As shown in FIG. 5C, the light directing layer 575 includes two DTFs 577 and 579 (e.g., DTF 1 and DTF II) and two BEFs 557 and 559 (e.g., BEF I and BEF II). In one example, BEF I and BEF II are generally planar structures. BEF I includes a substrate 560 and a micro-prism structure 561, and DTF II includes a substrate 563 and a micro-prism structure 564, for example, as described above with regard to FIG. 3B. Each BEF includes at least two opposite sides, such as a substrate side and a microstructure side. For example, BEF I has a substrate 560 with a surface 566 on the substrate side of the BEF I, and the micro-prism structure 561 arranged on the substrate 560 opposite the substrate surface 566 on the microstructure side of the BEF I. Similarly, BEF II has a substrate 563 with a surface 569 on the substrate side of the BEF II, and the micro-prism structure 564 on the substrate 563 opposite the surface 569 on the microstructure side of the BEF II. The substrate surface 566 BEF I is arranged on a surface of the backlight 510 that emits light, such as, for example on the outward facing surface 550 of the diffuser 530. The substrate surface 569 of BEF II is arranged on the microstructure side of the BEF I.

As shown in FIG. 5C, BEF I is arranged on a surface of the backlight or diffuser emitting light from the light source. BEF II is arranged on a second surface of the BEF I. In the example shown in FIG. 5C, the micro-prism structures of the BEFs are generally planar structures arranged orthogonal to each other. For example, BEF I includes a number of grooves or notches arranged parallel to the y dimension, and BEF II includes a number of grooves or notches arranged parallel to the x dimension. For example, BEF I compresses light according to range of viewing angles Δθx along the x dimension, and BEF II compresses light according to range of viewing angles Δθy in the y dimension, where the x and y dimensions are orthogonal to each other. The prism angle φ of each prism of the BEFs I and II determines range of viewing angles Δθ. As the light passes through BEF I, it is narrowed to a range of viewing angles in a first dimension, and then as the light passes through BEF II, it is narrowed to a range of viewing angles in a second dimension orthogonal to the first. In some examples, the viewing angles are selected and/or optimized according to the optical system for which the display device is paired, as described in further detail below.
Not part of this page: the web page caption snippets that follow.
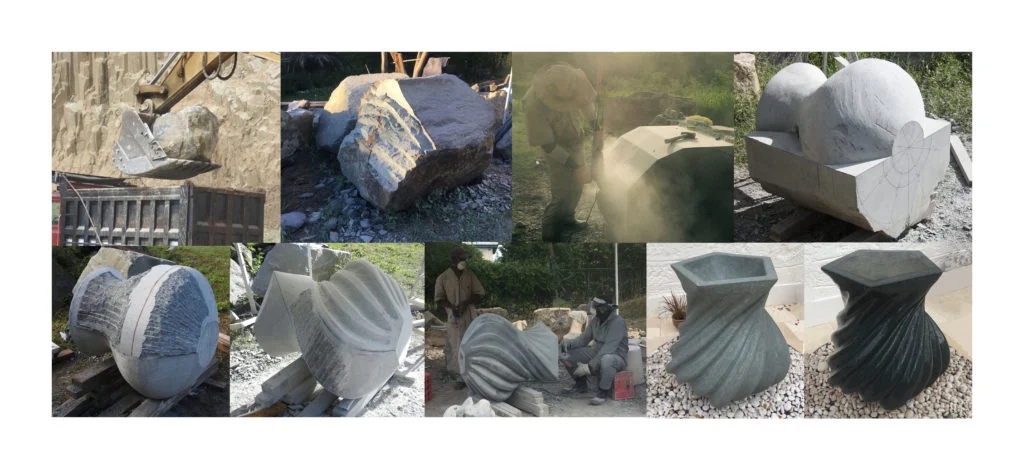 Fountain-1024x469.jpg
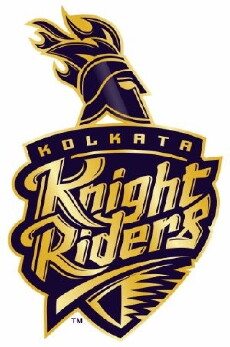 Indian Premier League (2008) - Stream Online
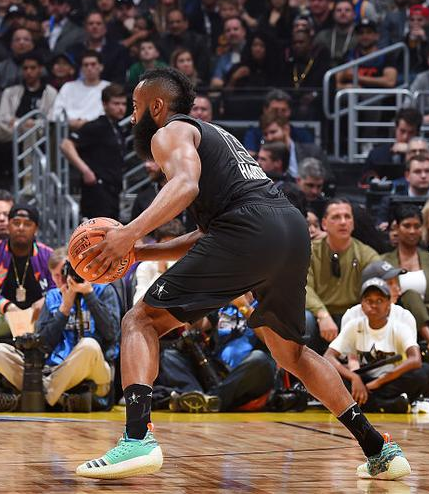 本场比赛的 本场比赛的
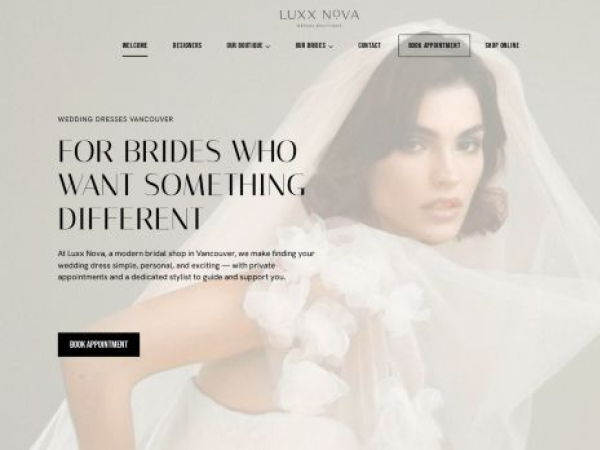 luxx-nova.com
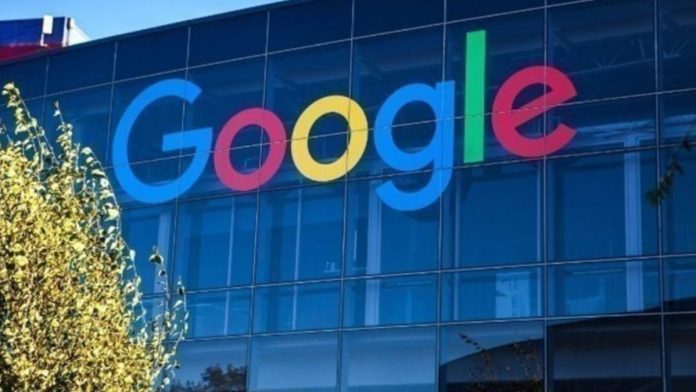 «Η Τεχνητή Νοημοσύνη: Χρήση σε 9% Ελλήνων Επιχειρήσεων» «Η Τεχνητή Νοημοσύνη: Χρήση σε 9% Ελλήνων Επιχειρήσεων»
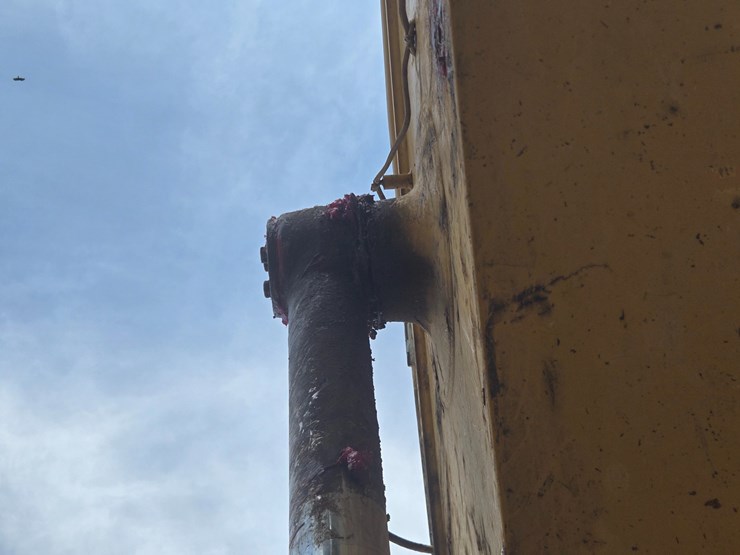 2019-caterpillar-320-image-103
As shown in FIG. 5C, the light directing layer 575 includes two DTFs 577 and 579 (e.g., DTF I and DTF II). DTF I and DTF II are generally planar structures parallel to the x-y plane. DTF I includes a substrate 540 and a micro-prism structure 541, and DTF II includes a substrate 543 and a micro-prism structure 544, for example, as described above with regard to FIG. 3A. Each DTF includes at least two opposite sides, such as a substrate side and a microstructure side. For example, DTF I has a substrate 540 with a surface 546 on the substrate side of the DTF I-, and the micro-prism structure 541 arranged on the substrate 540 opposite the substrate surface 546 on the microstructure side of the DTF I. Similarly, DTF II has a substrate 543 with a surface 549 on the substrate side of the DTF 2, and the micro-prism structure 544 on the substrate 543 opposite the surface 549 on the microstructure side of the DTF II. The microstructure side of DTF I is arranged on the micro-prism side of BEF. The microstructure side of DTF II is arranged on the substrate surface 546 of the DTF I.
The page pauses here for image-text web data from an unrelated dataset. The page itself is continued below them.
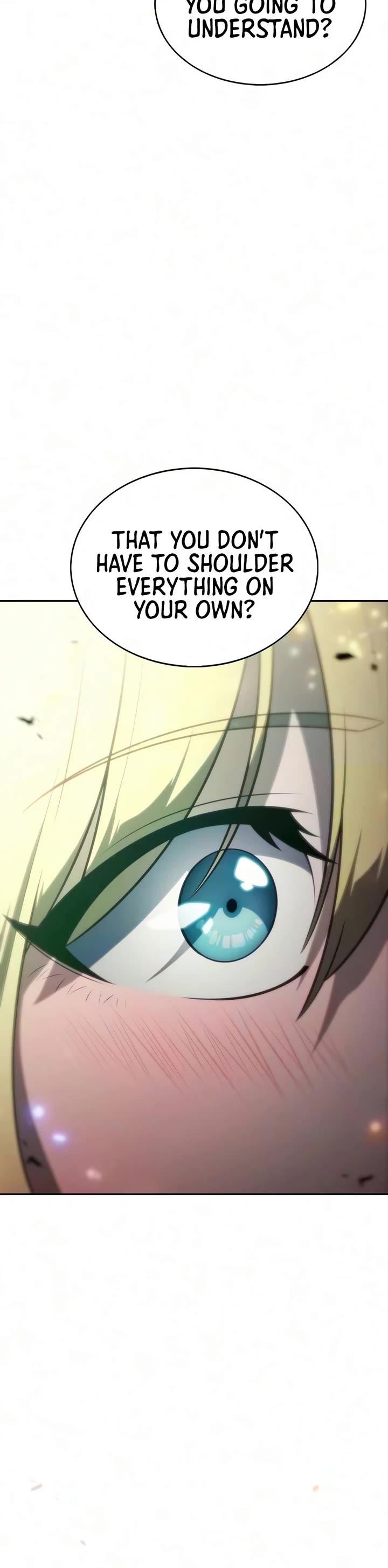 Solo Max-Level Newbie chapter 268 page 66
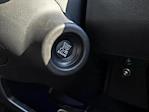 New 2024 Ram ProMaster 3500 Box Van for sale #2429403 - photo 18
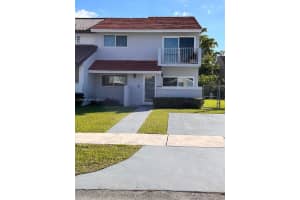 11712 Sw 13th St Miami, FL 33184 - MLS#A11983457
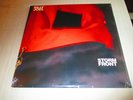 Billy Joel - Storm Front, Mint Sealed Promo Vinyl, Columbia 44366, 1989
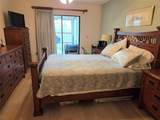 2822 72ND Court - Photo 8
In the example shown in FIG. 5C, the micro-prism structures of each DTF are arranged orthogonal to each other. For example, DTF I includes a number of grooves or notches arranged parallel to the y dimension, and DTF II includes a number of grooves or notches arranged parallel to the x dimension. As a result, DTF II turns light according to a turning angle θx in the x dimension, and DTF I turns light according to a turning angle θy in the y dimension, where the x and y dimensions are orthogonal to each other.

As shown in FIG. 5C, the DTF I and II include two regions R1 and R2, for example, regions 580 and 585 divided by line 587. Each region R1 and R2 includes micro-prisms having different prism angles, for example, φ_R1 and φ_R2. As a result, region R1 turns light according to a turning angle θ_R1 and region R2 turns light according to a turning angle θ_R2. The prism angle φ of each region of the DTFs I and II, determines the turning angle at corresponding location of the display panel. Each region R1 and R2 may be selected to direct light emitted from panel to a corresponding region of an optical element or component of an AR or VR display system, as explained in greater detail below.
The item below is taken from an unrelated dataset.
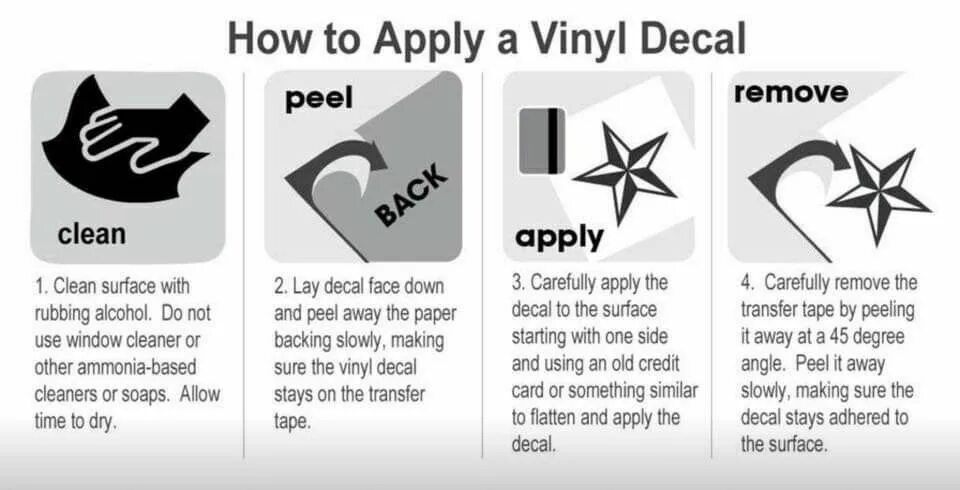 19. Heat transfer coefficient. Fin (extended surface). Fin (extended surface). Lubrication unit heat exchanger.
Although the example in FIG. 5C shows two regions, R1 and R2, one skilled in the art will appreciate that three or more regions may be provided in any one implementation according to the description herein. One skilled in the art will also appreciate that the order of the film layers may be varied with in light directing layer. In addition, the length of any region (e.g., the number of micro-prisms within a region) may vary from region to region. The orientation of the micro-prisms may also be varied by region. For example, the hypotenuse of the right triangles of the micro-prism structure of a DTF may be oriented in one region to turn light in one direction along a dimension with regard to a surface normal (e.g., +θ) and, the hypotenuse of the right triangles of the micro-prism structure of the DTF may be oriented in another region to turn light in an opposite direction along the dimension with regard to a surface normal (e.g., −θ). In particular, the number and length of regions may be selected based on the corresponding optical element or component of an AR or VR display system and the desired precision to which the display is spatially tuned and/or optimized by the light directing films. In one example, the number and length of regions may be selected with respect to the corresponding optical element, such that as much of the light emitted from the display device is collected by eye-box of a wearer of the display system.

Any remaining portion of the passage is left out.